The measures that you select and the cost of employing these measures are an individual matter.
You may chose, if you live on acreage outside of the city, to bury a loved one on your own land. You must first obtain zoning approval, a survey of the land to be used, and a permit from the health department. It will be important to locate the burial area away from ground water. This was a practice that was very common a hundred years ago. Today, it is less common. This is not an option on a platted city lot and even with acreage, there will be a limitation as to the proximity of a neighbor’s property.
You must be mindful if this is the option that you select, that it may make your land difficult to sell in the future if it has a family burial ground upon it.
We have previously examined choices that are available for each of us concerning embalming and the use of a traditional wooden or metal casket.
Today, we will examine Cremation.
Cremation has become a lower cost option that has increased in popularity.
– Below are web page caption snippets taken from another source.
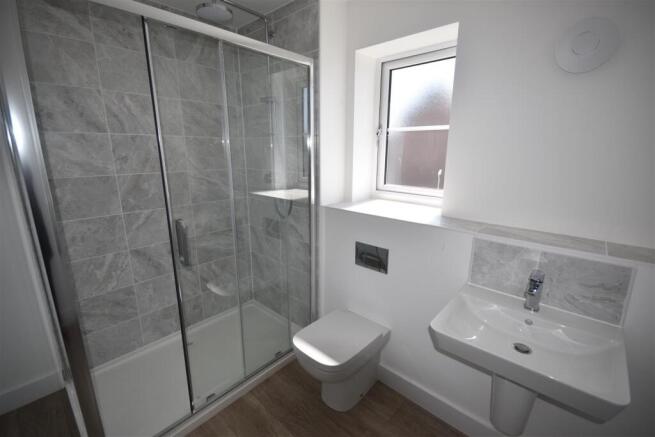 4 bed Detached for sale Image 6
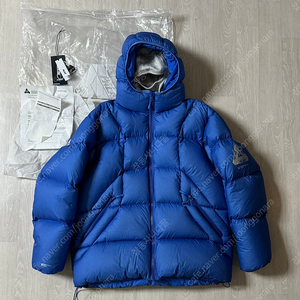 교환 ,판매 ) XL -> L ) 22FW Palace Pertex Frost Balaclava Puffa Blue 22FW 팔라스 퍼텍스 프로스트 발라클라바 푸파 블루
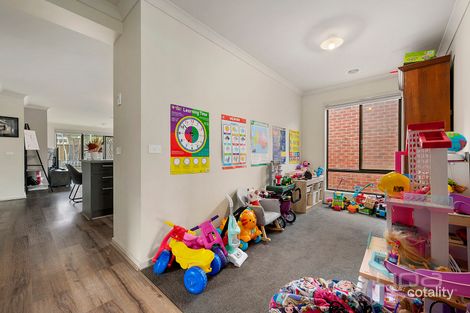 Property photo of 9 Opal Street Cobblebank VIC 3338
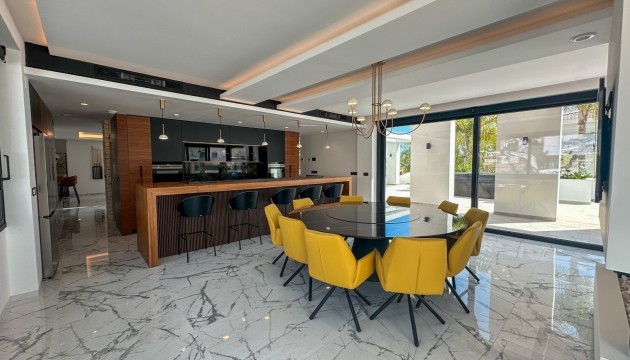 Videresalg - Detached Villa - Orihuela Costa - Villamartín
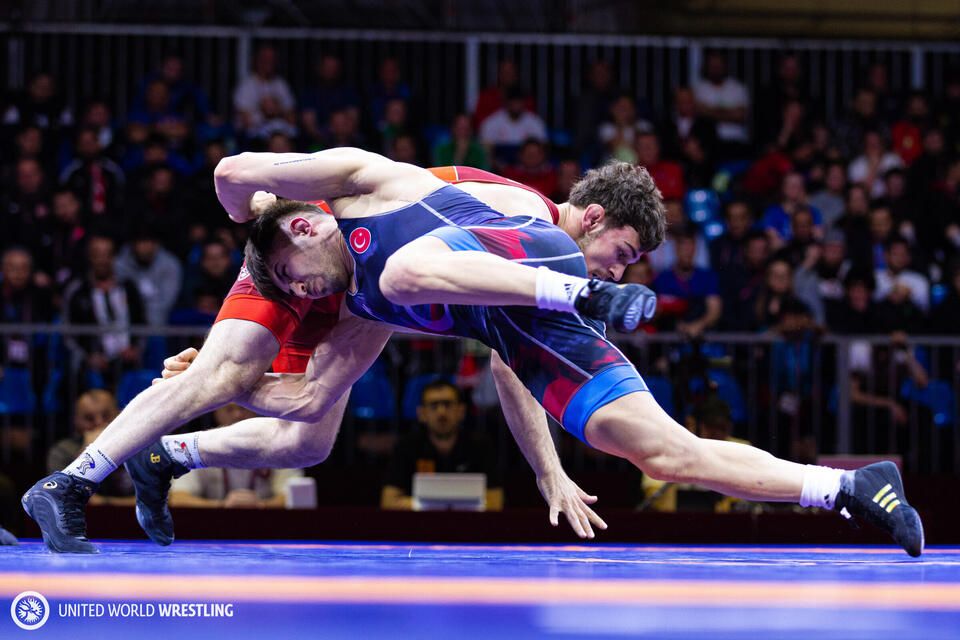 Am I flying? 🤼🏻‍♂️ #budapest2022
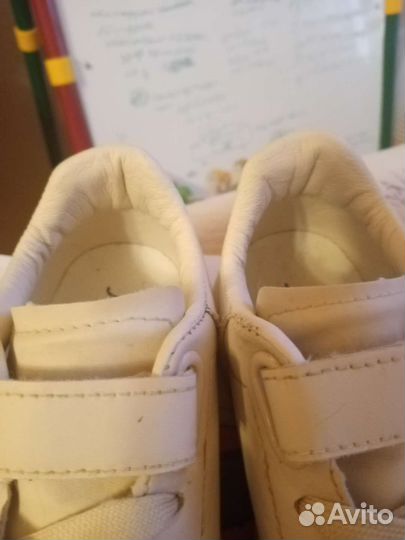 Кроссовки для девочки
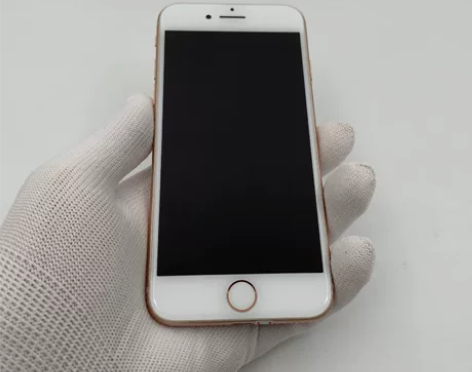 95新iPhone 8 64G 金色 移动...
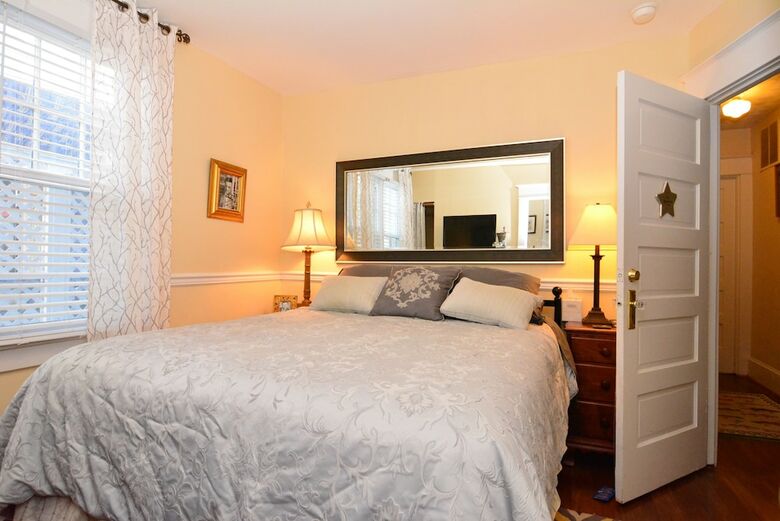 Bewitched & Bedazzled B&B @rehoboth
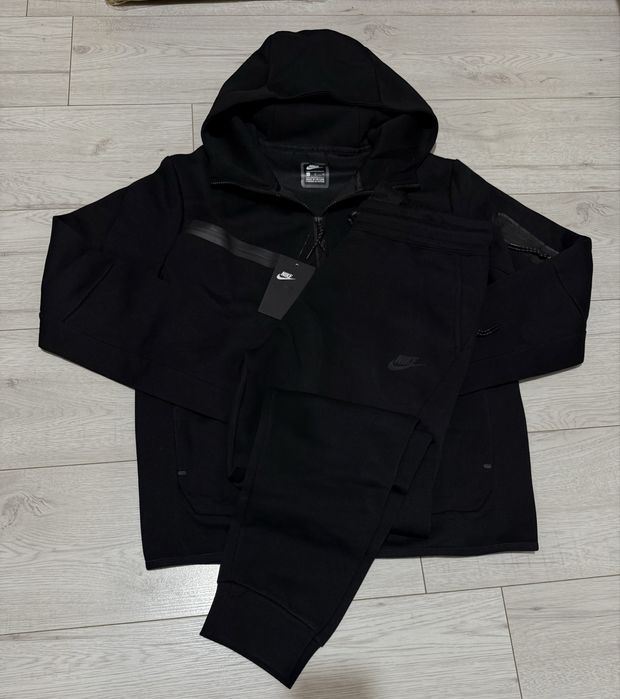 Zestam dresowy Nike Tech Fleece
Considerations include whether you will desire a period when you are to be viewed by your loved ones, or whether you would prefer direct cremation with a memorial service.
Such a selection will influence whether embalming will be necessary. If you prefer direct cremation, then embalming will not be necessary. If, on the other hand, you desire a more traditional viewing by family and friends, the embalming may become a necessity due to the time element.
If you do select the more traditional viewing, you or your loved ones will select a wooden casket, as opposed to a metal one. If you are choosing direct cremation, then you may decide that a simple unfinished wooden box or cardboard container is sufficient.
You will need to make a plan for your ashes or cremains. Some elect to have them placed into an urn. These can then be maintained at a family member’s home, or they can be buried.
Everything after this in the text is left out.